Flowing Through My Veins
Needle
By Hal Clement
Hal Clements’ 1950 Needle is a science fiction mystery.
In hot pursuit of a killer, the Hunter and his quarry crash land on Earth. The Hunter survives the landing. It must assume the criminal did as well. Determined to catch the criminal, the Hunter must turn to local allies for help.
The catch? Earth has never been contacted by anything like the Hunter and its prey. The Hunter must manage not just detection, but first contact.
A four-pound blob, the Hunter is an obligate symbiote, a being that lives commensally with a host. The Hunter and its kind have spent thousands of years experience co-existing with its partner races and no time at all with any terrestrial species. It takes the Hunter some time to determine which species would best serve its purpose, and to make its way inside one: fourteen-year-old Robert Kinnaird.
The Hunter’s timing is unfortunate: the Pacific Island on which Robert and his family (and more importantly, the killer) live is halfway across the planet from the boarding school to which Robert is dispatched almost as soon as the Hunter infiltrates him. The Hunter is on the wrong side of the world from the killer he is chasing, in a host with whom he cannot communicate.
Hard work and diligence bridge the communication barrier. Robert agrees to help catch the killer. The Hunter’s control of Robert’s physiology facilitates a return to Robert’s home island. By the time all this occurs, five months have passed.

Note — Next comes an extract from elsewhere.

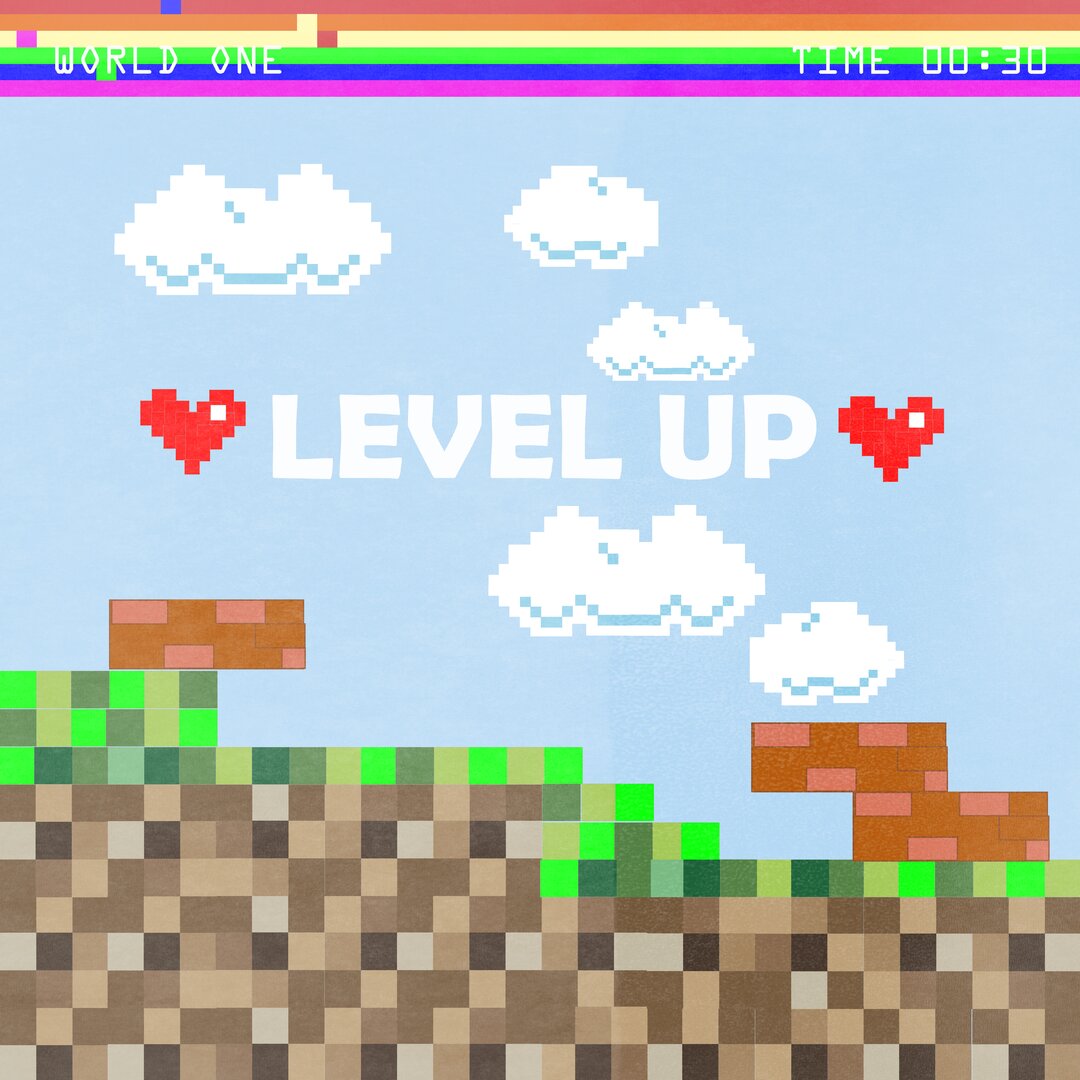 Leinwandbild Level Up I von Jennifer Paxton Parker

The only good news is that the fugitive is probably still on the island. There are more than a hundred people on the island within whom the killer could be hiding (assuming it is not living within an animal). The host is almost certainly unaware of what it carries. The Hunter and Robert begin what could be a laborious investigation.
They may not have that much time. Not only might the fugitive managed to escape the island, but it may be aware the pair are hunting for him. The fugitive won’t hesitate to kill to protect itself.
~oOo~
This was one of the first SF mysteries, which got around the usual objection (that the writer could pull any whiz-bang tech rabbit out of the hat to provide the detective with the answer) by carefully constraining the setting. The Hunter lost any high-tech gear — no helpful truth-ray or Absorbascon—when it crashed and the Earth (the 1950s Earth, as of time of publication) wasn’t the tech utopia it is now.
The process of working out how to talk to Robert took up much more of the story than I remembered. More than a quarter of the book is spent dealing with that basic issue, which admittedly serves the purpose of giving the quarry time enough to find a place to hide on the island.
Because this is Hal Clement, whose characters are always essentially reasonable people, no significant amount of time is lost while Robert freaks out over being invaded by an alien snot-monster or even over the fact he no longer has any privacy. The characters are also extremely pragmatic: the Hunter offhandedly kills its first host because it is just a shark, a lower-order animal on whose well-being it places no value. The question of how to imprison the quarry once they catch it isn’t an issue because imprisoning it isn’t the goal.
The mystery itself is solved fair and square, from inadvertent clues left by the quarry. The prose … you know, people who are looking for gemlike prose probably shouldn’t pick up a Clement novel in the first place. The prose does its job, which is to get out of the way of the puzzle.
Needle is included in this NESFA Press omnibus.